Close encounters of a tidal kind could lead to cracks on icy moons

Until now, it was thought that the cracks were the result of geodynamical processes, such as plate tectonics, but the models suggest that a close encounter with another body might have been the cause.
By | Published: May 26, 2016 | Last updated on May 18, 2023
Charon
NASA’s New Horizons captured this high-resolution enhanced color view of Pluto’s moon Charon, showing the crack on the icy moon. It was taken just before closest approach on July 14, 2015. The image combines blue, red and infrared images and the colors are processed to best highlight the variation of surface properties across Charon.
NASA
A new model developed by University of Rochester researchers could offer a new explanation as to how cracks on icy moons, such as Pluto’s Charon, formed.

Until now, it was thought that the cracks were the result of geodynamical processes, such as plate tectonics, but the models run by Alice Quillen and her collaborators suggest that a close encounter with another body might have been the cause.

Astronomers have long known that the craters visible on moons were caused by the impact of other bodies billions of years ago. But for every crash and graze, there would have been many more close encounters. By devising and running a new computer model, Quillen from Rochester has now shown that the tidal pull exerted by another similar object could be strong enough to crack the surface of such icy moons. Quillen also thinks that, “It might even offer a possible explanation for the crack on Mars, but that’s much harder to model.”

Icy moons exhibit what is known as brittle elastic behavior, which Quillen said most resembles “silly putty.”
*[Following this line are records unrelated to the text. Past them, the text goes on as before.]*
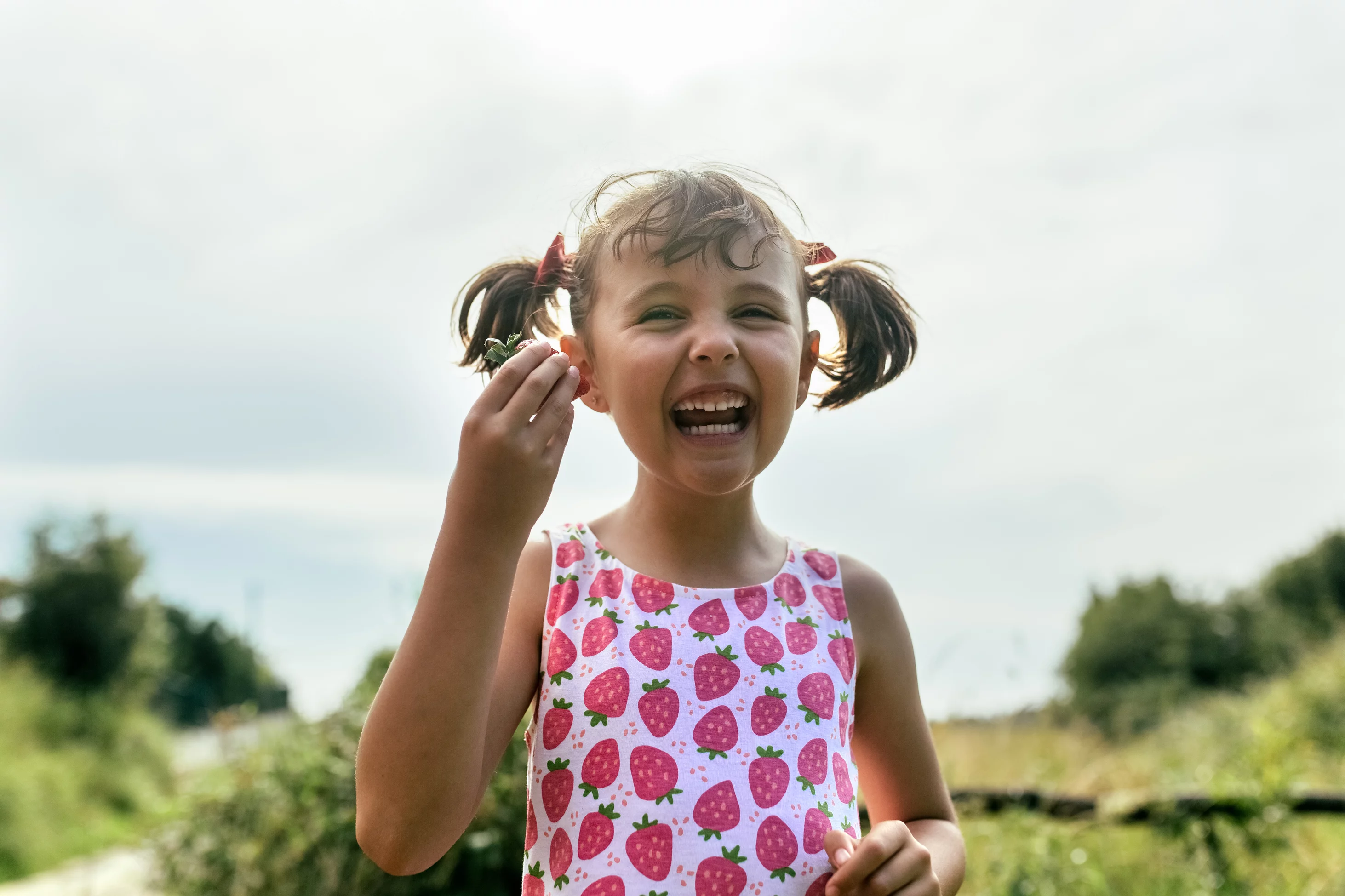 Gesunde Ernährung ist für Kinder essentiell.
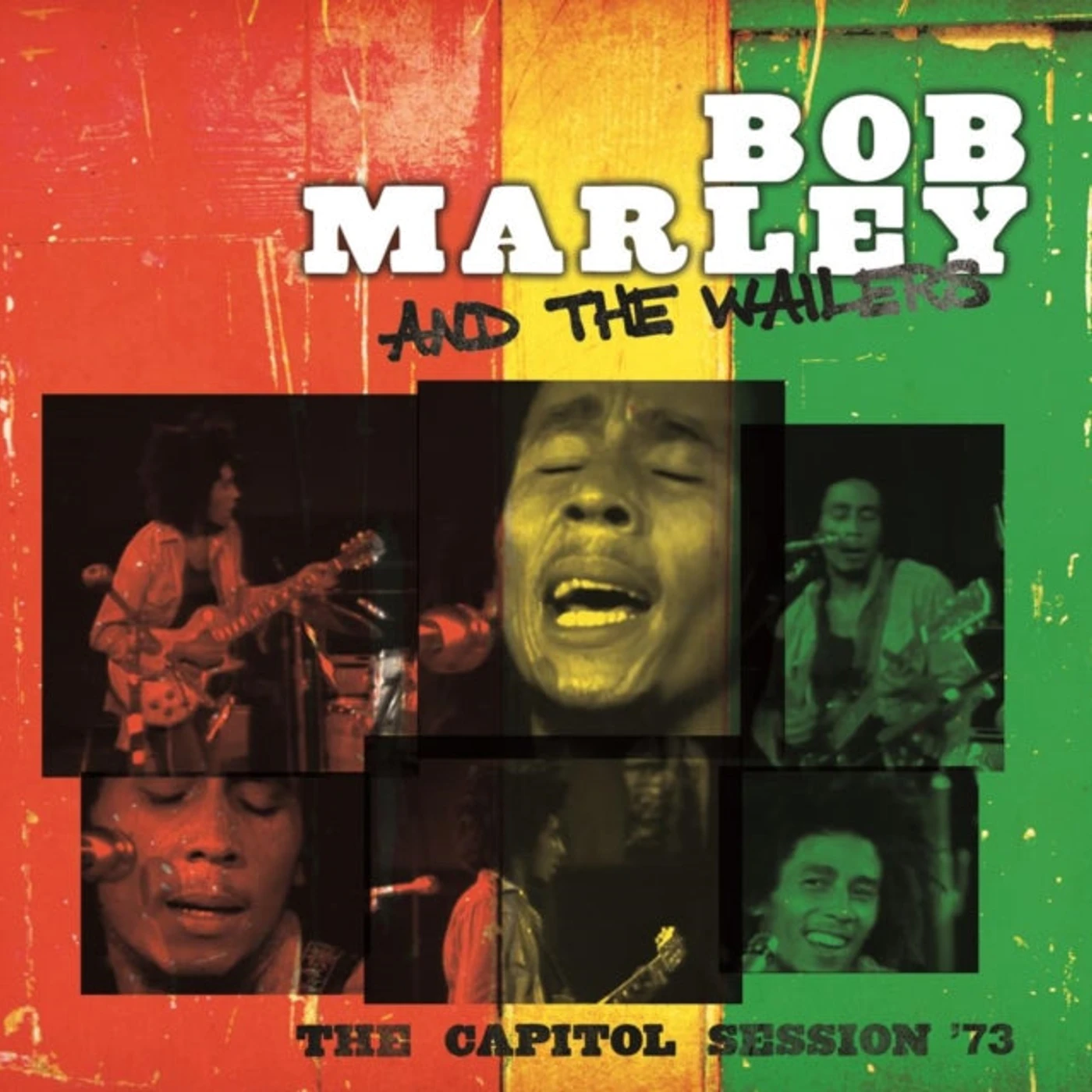 Bob Marley & The Wailers LP Vinyl Record - Capitol Session '73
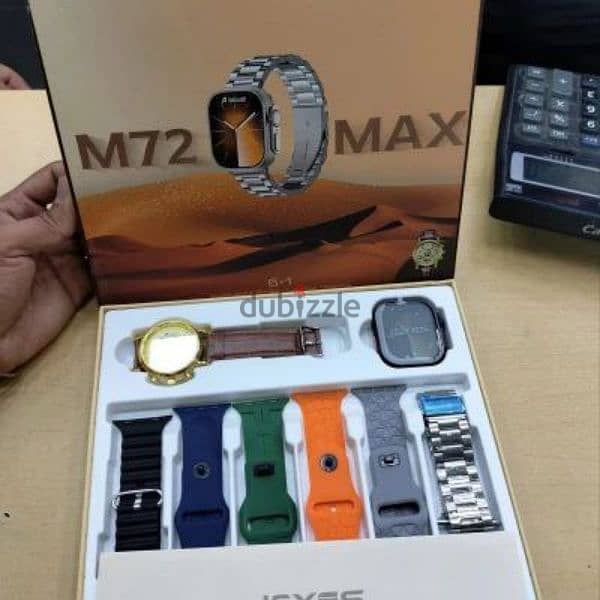 smart watch M72 max 3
“If you take silly putty and throw it on the floor it bounces – that’s the elastic part,” said Quillen. “But if you pull on it rapidly and hard enough, it breaks apart.”

To simulate the behavior, Quillen modeled the icy moons as if their interior was made up of many bodies connected by springs — an N-body problem with springs. While N-body problems are often used to understand the effect of gravity on planets and stars, N-body problems had never been used to model the inside of an astronomical body, in this case the moons. Other models for icy moons used what are known as “rubble pile models.”

“I was inspired by computer graphics code in how to model the icy moons,” said Quillen. “The inside of the moons is similar to how blood splatter is modeled in games and the outer icy crust is similar to modeling clothes and how they move. But I had to ensure the code matched the underlying physics!” To ensure her model took into account the right properties for the materials that make up the moons, she worked with Cynthia Ebinger.

“I jumped at the opportunity to consider a novel alternative to plate tectonics, the governing theory to explain earthquakes, volcanoes, and moving plates on Earth,” said Ebinger. “My role was to provide some checks and balances to Alice’s modeling and the choice of model parameters.”

In the paper, Quillen states that “strong tidal encounters” may be responsible for the cracks on icy moons such as Charon, Saturn’s Dione and Tethys, and Uranus’ Ariel.

The key factor in determining if a crack is going to occur is the strain rate, the rate of pull from another body that would have caused the moons to deform at a rate that the top icy layer could not sustain — leading to cracks.